KOSPI plunges 8.95% as tech stocks crash amid Middle East strikes
Synopsis
Key Takeaways
South Korea's benchmark Korea Composite Stock Price Index (KOSPI) collapsed 669.01 points, or 8.95 percent, to close at 6,806.93 on Monday, 13 July, as investors aggressively offloaded technology shares for profit-taking while fresh Middle East tensions rattled global sentiment. The Korean won also weakened against the US dollar, compounding the market stress.
Scale of the Selloff
The KOSPI touched an intraday low of 6,783.43 before recovering marginally to close at 6,806.93. Trade volume stood at 469.86 million shares worth 39.8 trillion won (approximately US$26.5 billion), with decliners overwhelming gainers at a ratio of 713 to 179.

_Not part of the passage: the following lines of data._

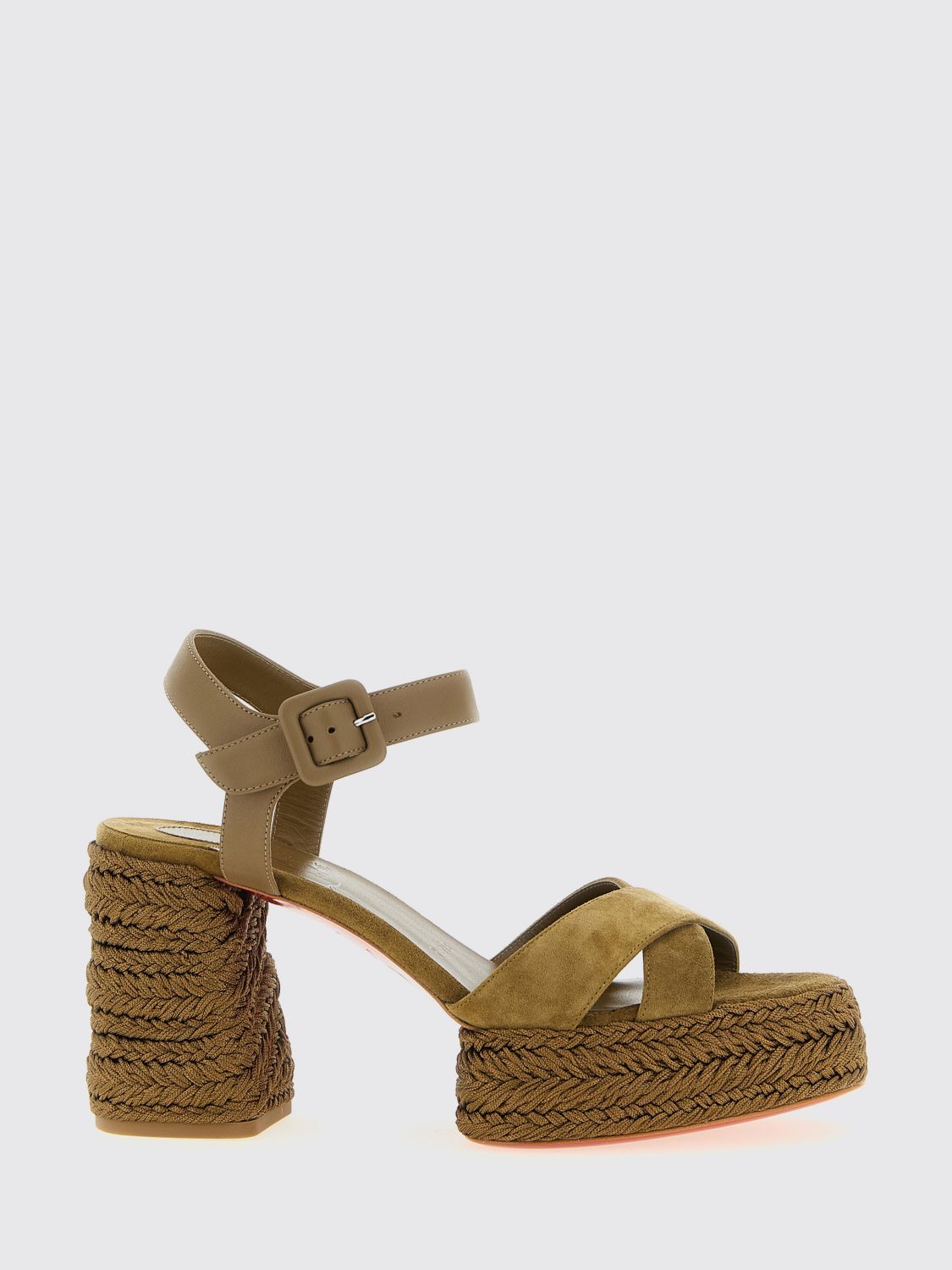 Christian Louboutin Heeled Sandal Woman Green CHRISTIAN LOUBOUTIN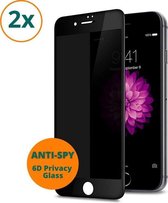 IPhone 6 Plus Privacy Screenprotector | 2x Gold Line Screenprotector iPhone 6 Plus | 2x iPhone 6 Plus Screenprotector 6D | 2x Privacy Tempered Glass Voor iPhone 6 Plus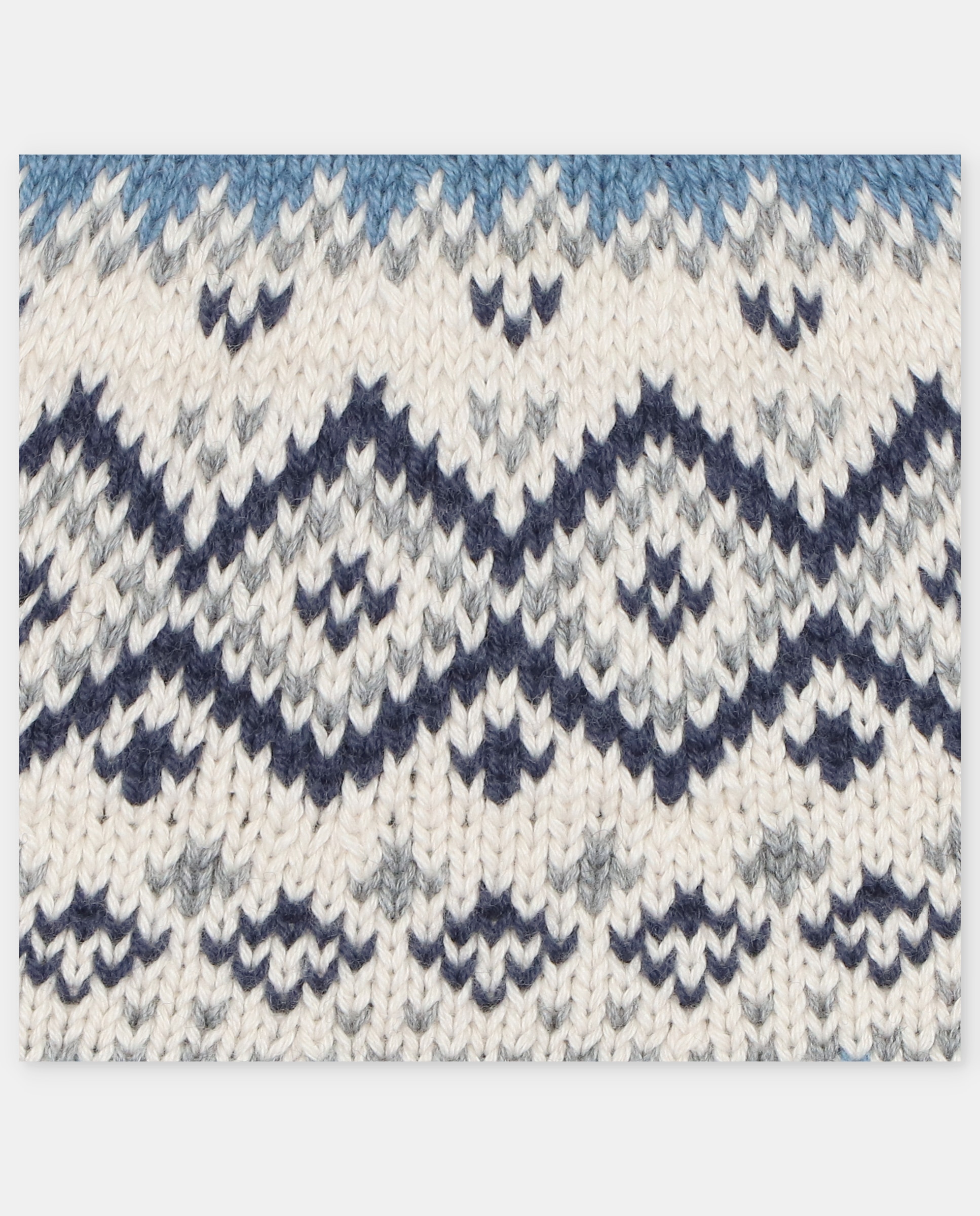Camisola para Bebé com Barra Decorativa em Contraste Azul-3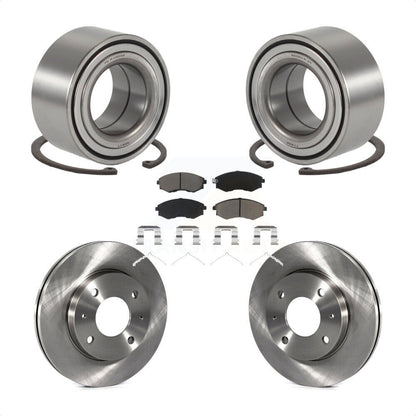 Kit de rotors de frein à disque et de plaquettes en céramique, roulement de roue avant, pour Hyundai Sonata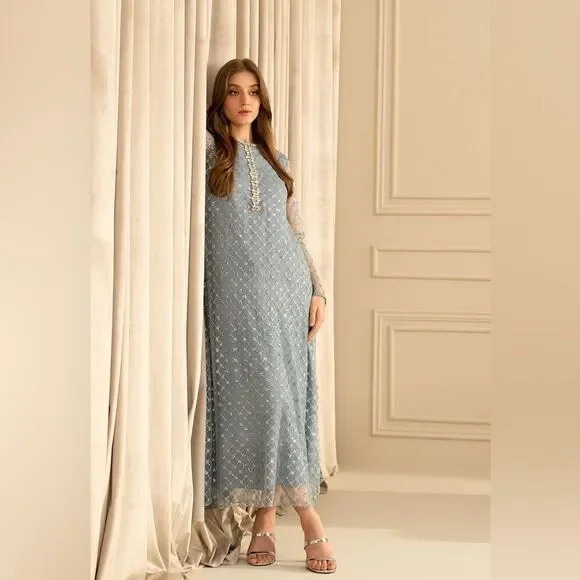 green emerald velvet dress Lulusar SEO LONG Silk Formal 3 Piece Dress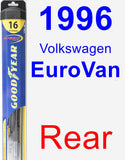 Rear Wiper Blade for 1996 Volkswagen EuroVan - Hybrid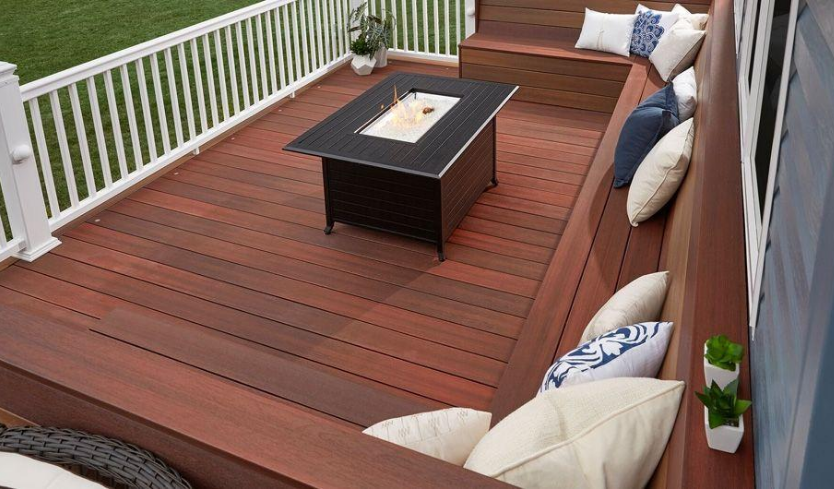 beautiful dark brown low maintenance decking natural beauty redefined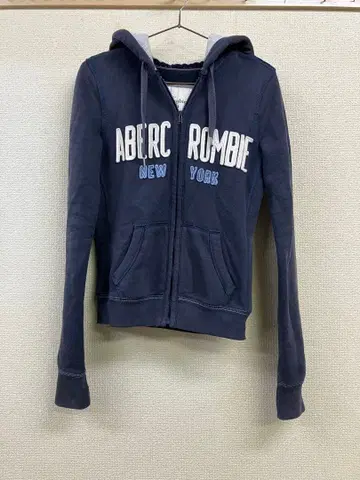 아바클로 ABERCROMBIE & FITCH 보아 안감 로고 집업 후드티
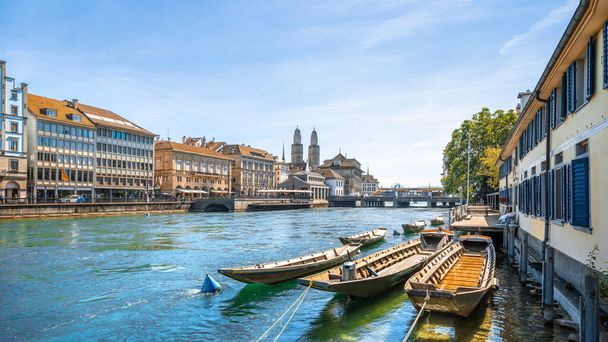panoramic view at the city center of zurich - Photo, Image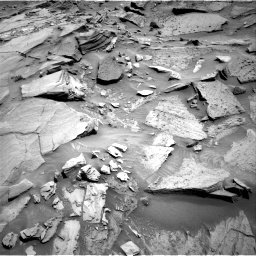 Nasa's Mars rover Curiosity acquired this image using its Right Navigation Camera on Sol 1346, at drive 1424, site number 54
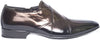 Jo Ghost 3578 M Brown Ultra Patent Leather Zip Up Loafers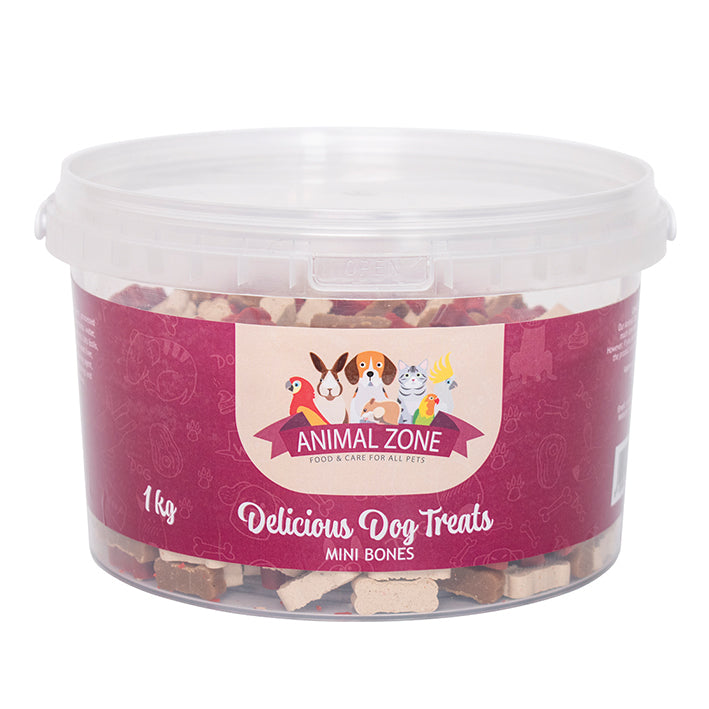 Semi Moist Dog Treats – Mini Bones 1kg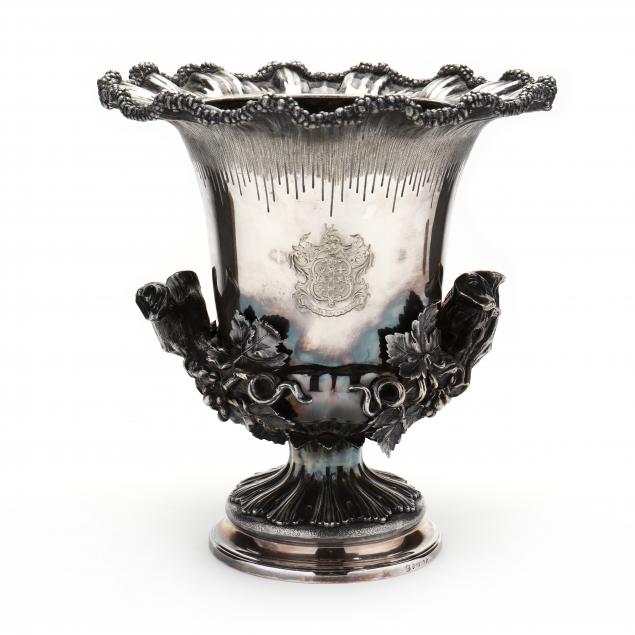 A VICTORIAN SILVERPLATE WINE COOLER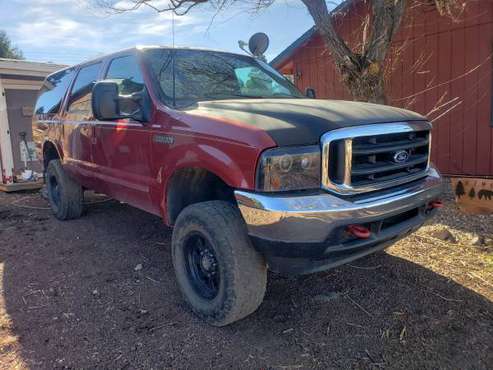 2000 Ford Excursion V10 4X4 Cold ac, hot heat, 4x4 works - cars & for sale in Flagstaff, AZ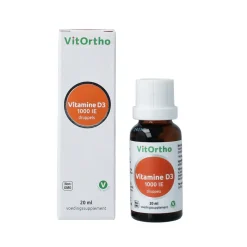 VitOrtho Vitamine D3 1000IE druppels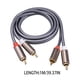 thumbnail image 5 of Cables RCA de 5MM Methold sistema estéreo profesional adaptador de enchufe de Aleación resistente al desgaste, 5 of 6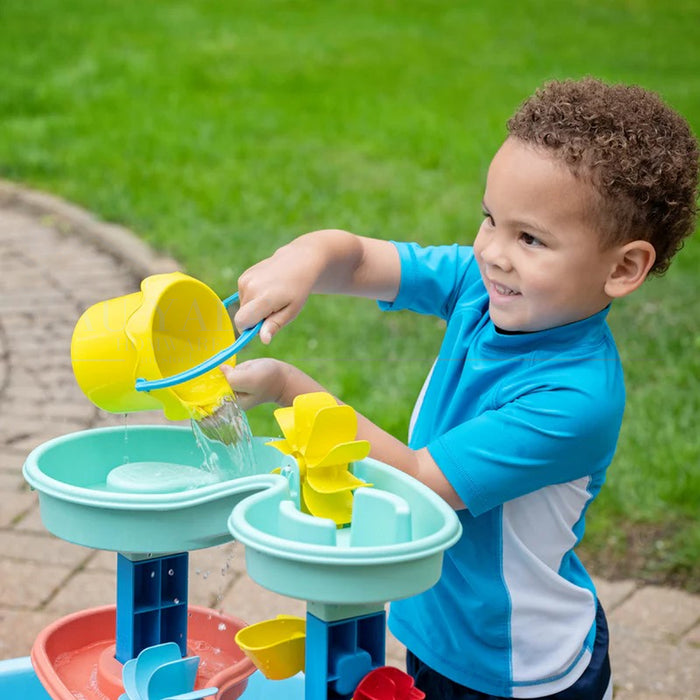 2024 Step2 Summer Seaside Double Spin & Showers Water Table with 22 Accessories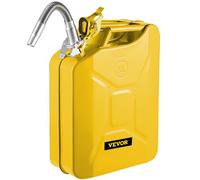 VEVOR Jerry Can 5,3 Gal / 20L Jerry Bidon de Carburant avec Bec Flexible pour Voitures Jaune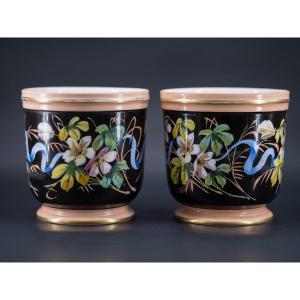 Pair Of Earthenware Planters, Early 20th Century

Institutional investors offloaded a net 2.22 trillion won worth of shares, while foreign investors sold a net 1.7 trillion won. Retail buyers absorbed the bulk of the selling, purchasing a net 3.9 trillion won — a sign of domestic investors stepping in at lower levels even as large players exited.
Circuit Breaker Triggered
After opening 0.85 percent lower, the KOSPI's losses accelerated sharply, triggering a circuit breaker that halted trading in KOSPI-listed stocks for 20 minutes. According to reports, this marked the seventh activation of the circuit breaker mechanism this year alone — a frequency that underscores the extraordinary volatility gripping South Korean equities in 2025.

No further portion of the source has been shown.